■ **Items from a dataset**
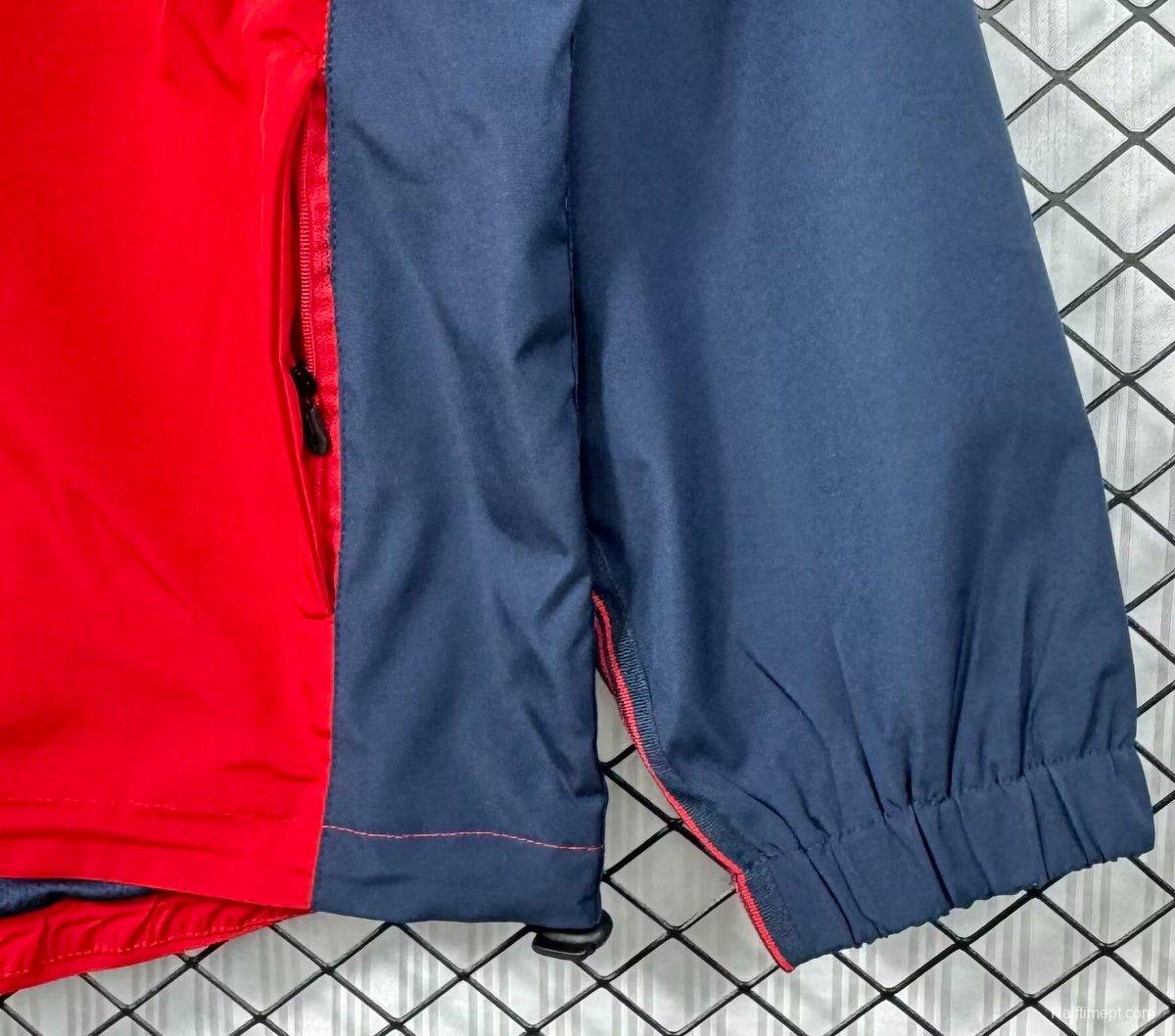 Retro 98/00 Barcelona Home Red Full Zipper Windbreaker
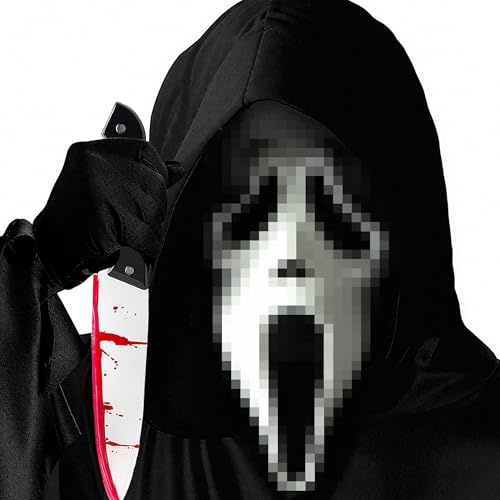 JOYTIX®Máscara de Ghostface Scream con Capucha y Cuchillo Sangriento - Disfraz de Terror Halloween de EV con Guantes Elásticos para Adultos - Accesorio para Noches de Horror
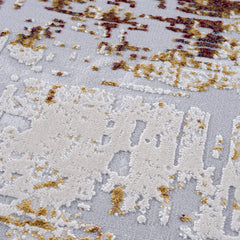 2’ x 12’ Abstract Beige and Gold Modern Runner Rug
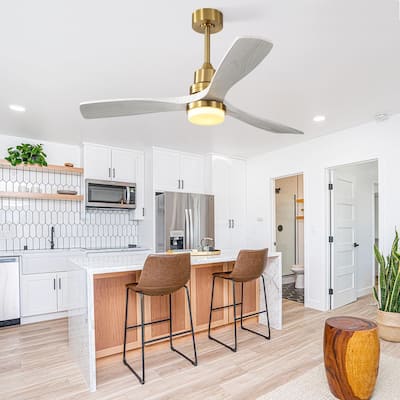 52 Inch Wood Ceiling Fan with Dimmable LED Light & Remote Control, Reversible DC Motor Ceiling Fan for Living Room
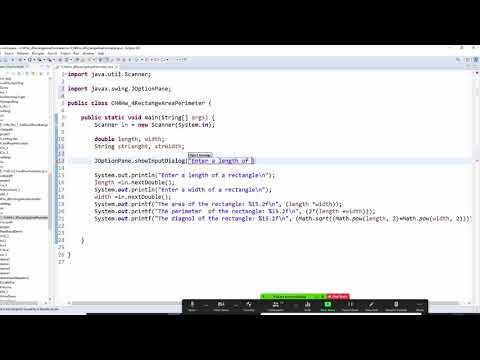 Java ,CH 4,  Input length and width from inputbox, display area, perimeter and diagonal  Pythagorean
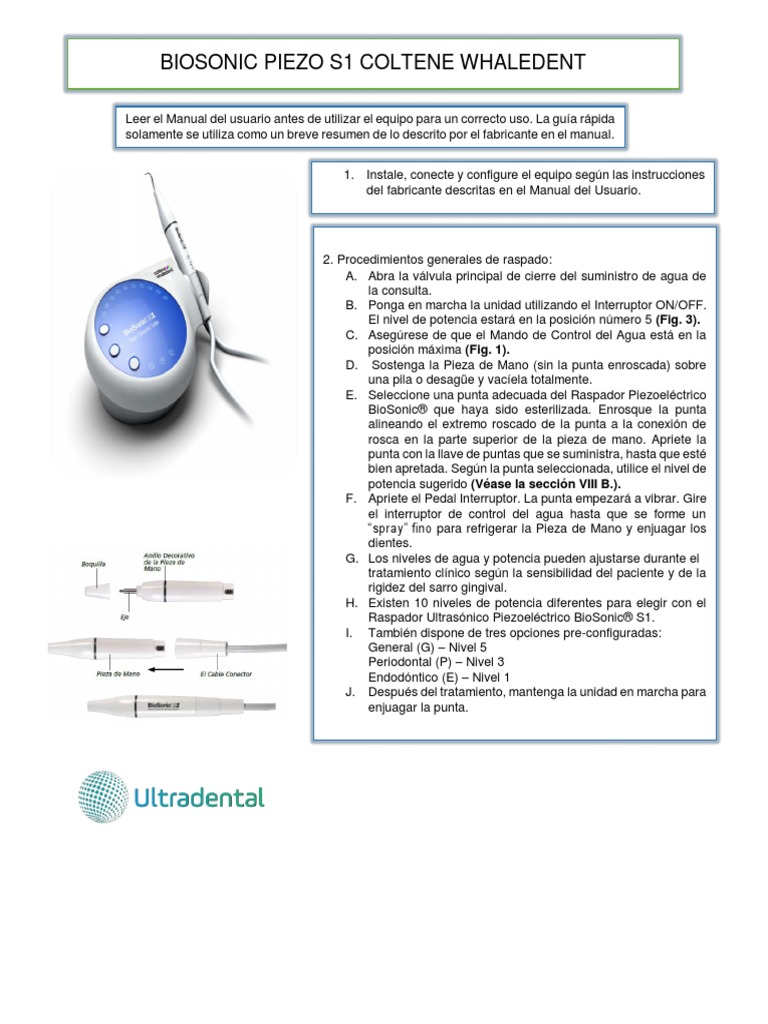 Guía Rápida Biosonic Piezo S1 Coltene Whaledent | PDF | Bienes ...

■ **Problem to work on**
A faithful copy of every record is required, with no pictures included.

■ **Exercise solution**
 Retro 98/00 Barcelona Home Red Full Zipper Windbreaker
 JOYTIX®Máscara de Ghostface Scream con Capucha y Cuchillo Sangriento - Disfraz de Terror Halloween de EV con Guantes Elásticos para Adultos - Accesorio para Noches de Horror
 2’ x 12’ Abstract Beige and Gold Modern Runner Rug
 52 Inch Wood Ceiling Fan with Dimmable LED Light & Remote Control, Reversible DC Motor Ceiling Fan for Living Room
 Java ,CH 4,  Input length and width from inputbox, display area, perimeter and diagonal  Pythagorean
 Guía Rápida Biosonic Piezo S1 Coltene Whaledent | PDF | Bienes ...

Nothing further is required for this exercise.